Redistribution of phase fluctuations in a periodically driven cuprate superconductor

TL;DR

This paper investigates how periodic optical-frequency driving suppresses phase fluctuations in a bi-layer cuprate superconductor, providing insights into light-enhanced coherence phenomena observed experimentally.

Contribution

It introduces a theoretical framework using Langevin and Fokker-Planck equations to explain how external driving reduces phase fluctuations in layered cuprates, linking to recent experimental findings.

Findings

Suppression of low-energy plasmon phase fluctuations due to external driving

Resonance amplification of high-energy plasmon effects

Reduced in-plane fluctuations on long length scales

Abstract

We study the thermally fluctuating state of a bi-layer cuprate superconductor under the periodic action of a staggered field oscillating at optical frequencies.
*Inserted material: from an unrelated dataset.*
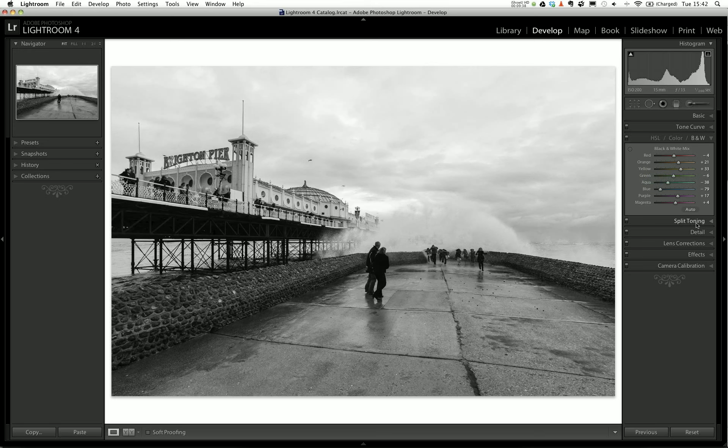I'm not going to split tone this. I don't want to add any highlight or shadow tone - I want a straight black and white. So I'm not going to touch that.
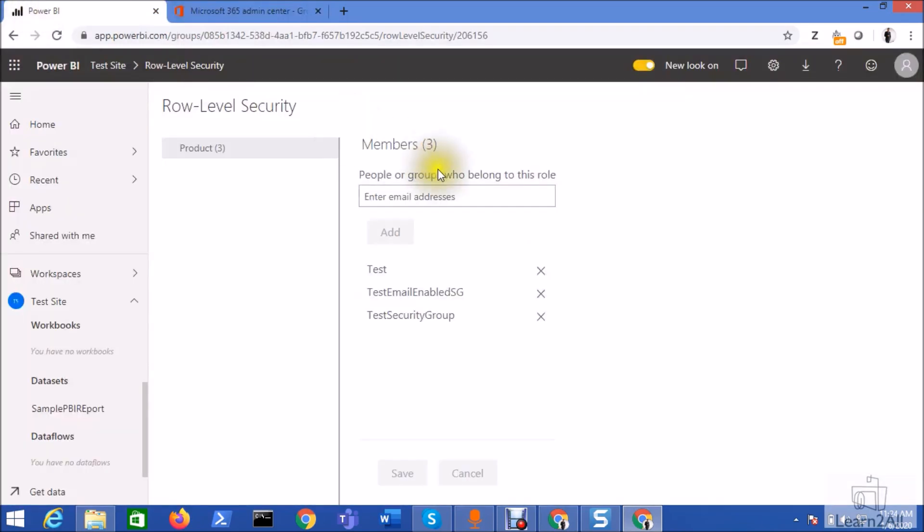And remember one more thing. If you are creating the email-enabled security group programmatically using REST API or Graph API, make sure that currently at this moment Graph API doesn't support the email-enabled security group. It only supports creating a security group. If you are going with the programmatic approach, you can only create the security group, not email-enabled security group.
This analysis distills essential elements of the recently discovered phenomenon of light enhanced coherence in YBa$_2$Cu$_3$O$_{6+x}$, which was achieved by periodically driving infrared active apical oxygen distortions. The effect of a staggered periodic perturbation is studied using a Langevin and Fokker-Planck description of driven, coupled Josephson junctions, which represent two neighboring pairs of layers and their two plasmons. In a toy model including only two junctions, we demonstrate that the external driving leads to a suppression of phase fluctuations of the low-energy plasmon, an effect which is amplified via the resonance of the high energy plasmon. When extending the modeling to the full layers, we find that this reduction becomes far more pronounced, with a striking suppression of the low-energy fluctuations, as visible in the power spectrum. We also find that this effect acts onto the in-plane fluctuations, which are reduced on long length scales. All these findings provide a physical framework to describe light control in cuprates.